How to Sew a Fitted Cloth diaper

I ran into this today and thought I'd share it.  My babies are 28 & 31.........'and no'........no grandchildren yet but that doesn't mean I can't start preparing ;)

 Instructions on sewing a fitted cloth diaper. It's so easy!! Learn how to here

Aren't you tired of paying an arm and a leg for some nice diapers? I was too, and with a few tips from people, figured out how to sew my own.

I have a basic sewing machine. It cost like $130 when it was new. You just need straight stitches and zigzag stitches for this.

Fabric:
Any cotton fabric will work. You can use old clothing, old flannel sheets, old towels, old receiving blankets, if you want "free" fabric.  Any flannel will do, there's quilter's flannel, diaper flannel, and "cuddly" flannel.


You'll need thread, sew-on velcro (1.5" preferably), and elastic (3/8").

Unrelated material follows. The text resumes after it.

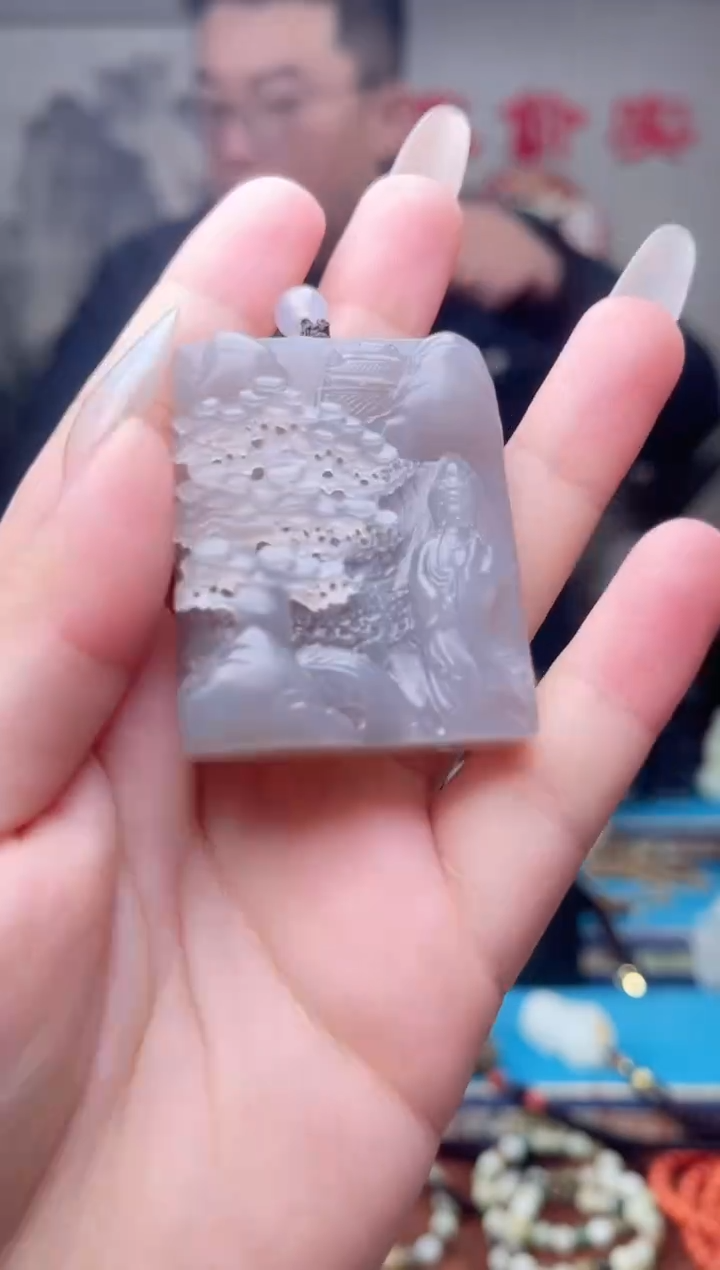 【闪购商品】和田玉挂件未镶嵌1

Whenever you stitch, make sure to back-stitch at the beginning and at the end of your stitching. (That means, stitch forward, then backwards, then forward again). This will prevent your stitches from coming undone.

Step 1:
First, get your pattern. I traced a diaper I already had, and altered it some. It's not hard, just get the general shape, and with subsequent diapers, you can lengthen or shorten whatever doesn't seem to fit right.

If you're making your own pattern, I suggest tracing half the diaper, then folding the pattern in half to get the rest so the diaper is identical on either side.



Step 2:
Cut 2 pieces of your good fabric. This is flannel I bought at Walmart for $2.50/yard.



Step 3:
Cut 1 or 2 pieces of your inside fabric, using the same pattern. This particular fabric is a cotton knit (kind of like t-shirt material), I like to use 2 inner pieces for a thicker diaper, but you can use only 1 if you prefer.


Step 4:
Get your soaker pad. You can use fabric scraps (like the one on the right), or a washcloth, part of a terry towel, etc. I like the soaker to be about the length of a washcloth.  It's the same size as a washcloth. If I was using it, I would fold it in thirds, and stitch around it to hold it in place.  The microfiber towels hold a LOT of liquid, and with one of those as a pad, the diaper will easily go all night.

This time, I'm using the fabric scraps. They don't all quite fit evenly in the rectangle, but that's ok. I stitched a straight stitch all the way around it, and evened out the edges with a scissors.



Step 5:
Sew the soaker pad to one of the center pieces. Make sure it's in the very center of the diaper. I did a zig zag stitch at the very edges of the soaker pad, all the way around it.



Step 6:
Pin all 4 layers together. You want the outer fabric's right sides facing each other, at the very center. You notice I've got the black checks facing outwards, so that the whiter side is towards the outer layers. This is so the black checks don't show through to the outside of the diaper.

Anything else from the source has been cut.